▶ [Exercise aim]:
Reproduce all the material verbatim, down to the last line.

▶ [Data excerpts]:
━━━━━━━━

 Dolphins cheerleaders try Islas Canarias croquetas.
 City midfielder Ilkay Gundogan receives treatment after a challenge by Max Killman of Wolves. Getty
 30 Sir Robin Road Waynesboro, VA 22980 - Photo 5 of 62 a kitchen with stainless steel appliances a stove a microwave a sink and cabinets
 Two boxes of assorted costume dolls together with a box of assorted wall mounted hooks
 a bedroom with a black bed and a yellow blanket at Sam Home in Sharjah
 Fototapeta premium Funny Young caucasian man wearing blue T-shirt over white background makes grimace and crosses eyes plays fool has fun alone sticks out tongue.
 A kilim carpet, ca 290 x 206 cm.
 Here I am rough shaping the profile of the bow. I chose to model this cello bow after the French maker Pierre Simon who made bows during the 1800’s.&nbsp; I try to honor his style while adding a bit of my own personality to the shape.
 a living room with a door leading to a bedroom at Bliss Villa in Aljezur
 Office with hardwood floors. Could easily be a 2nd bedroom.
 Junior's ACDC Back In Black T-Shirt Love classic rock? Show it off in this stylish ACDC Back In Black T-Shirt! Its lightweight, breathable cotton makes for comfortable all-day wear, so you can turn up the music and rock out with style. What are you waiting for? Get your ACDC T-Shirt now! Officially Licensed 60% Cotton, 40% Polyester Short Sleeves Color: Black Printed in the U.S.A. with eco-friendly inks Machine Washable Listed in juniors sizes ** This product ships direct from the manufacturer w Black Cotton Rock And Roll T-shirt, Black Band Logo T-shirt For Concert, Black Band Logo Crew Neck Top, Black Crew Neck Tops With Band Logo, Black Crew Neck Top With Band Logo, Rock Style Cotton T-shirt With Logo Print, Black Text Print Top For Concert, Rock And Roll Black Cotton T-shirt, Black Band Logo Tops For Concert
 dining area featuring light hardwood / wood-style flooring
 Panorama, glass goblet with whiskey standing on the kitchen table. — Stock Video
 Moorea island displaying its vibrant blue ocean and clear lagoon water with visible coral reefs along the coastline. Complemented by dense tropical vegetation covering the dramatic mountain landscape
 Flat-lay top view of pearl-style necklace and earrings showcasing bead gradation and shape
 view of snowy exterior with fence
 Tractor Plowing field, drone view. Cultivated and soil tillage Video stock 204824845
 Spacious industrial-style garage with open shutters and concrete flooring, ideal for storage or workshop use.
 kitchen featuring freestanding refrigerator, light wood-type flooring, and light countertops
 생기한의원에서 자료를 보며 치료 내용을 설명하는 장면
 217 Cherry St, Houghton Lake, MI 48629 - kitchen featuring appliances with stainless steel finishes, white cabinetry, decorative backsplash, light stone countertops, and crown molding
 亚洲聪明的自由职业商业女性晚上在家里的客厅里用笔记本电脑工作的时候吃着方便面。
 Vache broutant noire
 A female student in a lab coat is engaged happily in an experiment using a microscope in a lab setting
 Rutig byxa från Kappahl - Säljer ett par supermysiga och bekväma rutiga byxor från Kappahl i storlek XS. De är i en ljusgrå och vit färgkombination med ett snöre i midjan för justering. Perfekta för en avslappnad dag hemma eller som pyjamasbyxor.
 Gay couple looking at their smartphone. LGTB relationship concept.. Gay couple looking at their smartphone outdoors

━━━━━━━━

▶ [Response area]:
 Dolphins cheerleaders try Islas Canarias croquetas.
 City midfielder Ilkay Gundogan receives treatment after a challenge by Max Killman of Wolves. Getty
 30 Sir Robin Road Waynesboro, VA 22980 - Photo 5 of 62 a kitchen with stainless steel appliances a stove a microwave a sink and cabinets
 Two boxes of assorted costume dolls together with a box of assorted wall mounted hooks
 a bedroom with a black bed and a yellow blanket at Sam Home in Sharjah
 Fototapeta premium Funny Young caucasian man wearing blue T-shirt over white background makes grimace and crosses eyes plays fool has fun alone sticks out tongue.
 A kilim carpet, ca 290 x 206 cm.
 Here I am rough shaping the profile of the bow. I chose to model this cello bow after the French maker Pierre Simon who made bows during the 1800’s.&nbsp; I try to honor his style while adding a bit of my own personality to the shape.
 a living room with a door leading to a bedroom at Bliss Villa in Aljezur
 Office with hardwood floors. Could easily be a 2nd bedroom.
 Junior's ACDC Back In Black T-Shirt Love classic rock? Show it off in this stylish ACDC Back In Black T-Shirt! Its lightweight, breathable cotton makes for comfortable all-day wear, so you can turn up the music and rock out with style. What are you waiting for? Get your ACDC T-Shirt now! Officially Licensed 60% Cotton, 40% Polyester Short Sleeves Color: Black Printed in the U.S.A. with eco-friendly inks Machine Washable Listed in juniors sizes ** This product ships direct from the manufacturer w Black Cotton Rock And Roll T-shirt, Black Band Logo T-shirt For Concert, Black Band Logo Crew Neck Top, Black Crew Neck Tops With Band Logo, Black Crew Neck Top With Band Logo, Rock Style Cotton T-shirt With Logo Print, Black Text Print Top For Concert, Rock And Roll Black Cotton T-shirt, Black Band Logo Tops For Concert
 dining area featuring light hardwood / wood-style flooring
 Panorama, glass goblet with whiskey standing on the kitchen table. — Stock Video
 Moorea island displaying its vibrant blue ocean and clear lagoon water with visible coral reefs along the coastline. Complemented by dense tropical vegetation covering the dramatic mountain landscape
 Flat-lay top view of pearl-style necklace and earrings showcasing bead gradation and shape
 view of snowy exterior with fence
 Tractor Plowing field, drone view. Cultivated and soil tillage Video stock 204824845
 Spacious industrial-style garage with open shutters and concrete flooring, ideal for storage or workshop use.
 kitchen featuring freestanding refrigerator, light wood-type flooring, and light countertops
 생기한의원에서 자료를 보며 치료 내용을 설명하는 장면
 217 Cherry St, Houghton Lake, MI 48629 - kitchen featuring appliances with stainless steel finishes, white cabinetry, decorative backsplash, light stone countertops, and crown molding
 亚洲聪明的自由职业商业女性晚上在家里的客厅里用笔记本电脑工作的时候吃着方便面。
 Vache broutant noire
 A female student in a lab coat is engaged happily in an experiment using a microscope in a lab setting
 Rutig byxa från Kappahl - Säljer ett par supermysiga och bekväma rutiga byxor från Kappahl i storlek XS. De är i en ljusgrå och vit färgkombination med ett snöre i midjan för justering. Perfekta för en avslappnad dag hemma eller som pyjamasbyxor.
 Gay couple looking at their smartphone. LGTB relationship concept.. Gay couple looking at their smartphone outdoors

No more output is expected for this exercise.